A: HD Voice has an essential role whenever voice is used as the information exchange medium in a business process. While written media like text and email are usually clear, it’s not hard to confuse, for example, “FCC” with “SEC” when spoken in a conventional phone message. Many business processes don’t easily make allowances for errors and repeats, so the consequences can be severe. Any time information transfer via human speech is an important part of a business flow, HD Voice should be seriously considered to increase efficiency, improve speed, and reduce mistakes.

Q: What’s the best thing that could happen now to accelerate the adoption or demand for HD VoIP?

A: With increased business focus on distributed workforces and travel reduction, HD Voice plays a big role in keeping businesses well connected because it restores the “like being there” quality to informal conversations and formal discussions. We’re at an interesting point in the evolution of HD Voice. Compatible, standards-based technology exists, is openly available, and it is being deployed in numerous endpoints, service providers and networks, but full end-to-end connectivity is still building within the cloud. As vendors and service providers hear that their customers want HD Voice, they are accelerating its incorporation in their offerings; one way to help this happen is to just let your provider know that you want HD Voice.

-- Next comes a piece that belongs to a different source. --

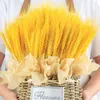 Dekorative Blumen 50pcs/Los Ohr von Weizen echt getrocknetes Golden repräsentiert ein Glücksbild für Hochzeitshäuser für Hochzeitshäuser.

Q: As a vendor, what’s the most important message about voice communications you’d like to see enterprises take away from our interview?

A: I think nobody’s going to argue that voice is a serious business communications tool, so the important things to remember are that HD Voice brings a major improvement in the quality and efficiency of this tool, and that HD Voice is cost-effective, reliable and interoperable, compatible with your VoIP network, and is available today. The bottom line is that we experience high definition audio and video in our daily lives, and we EXPECT it in our homes when we watch TV or listen to music, in entertainment venues such as sporting events, movie theatres, etc., and on the go with iPods, satellite radio, etc. So why not expect an HD experience at work?

Everyone agrees the HD experience is superior. I think now it’s just a matter of the workplace catching up technologically with our lives outside the office. And this is a change in and of itself. It used to be that the newest, best technologies were only available at work. As a younger workforce enters the business world, this will change, and we’re very excited to be there to see and hear about these changes as they occur – all in HD, of course.

On the applications front, we’re also seeing some uptake and tremendous opportunity in the marketplace. If you look at how we use our mobile phones today, they are far more than voice devices. We use them for SMS, Web browsing and email. Polycom realizes that end users want their phones to offer more than just voice, and we’re making sure we offer that today with additional productivity enhancing apps coming soon. In the end, we just want to make it easier and faster for our customers to get the job done.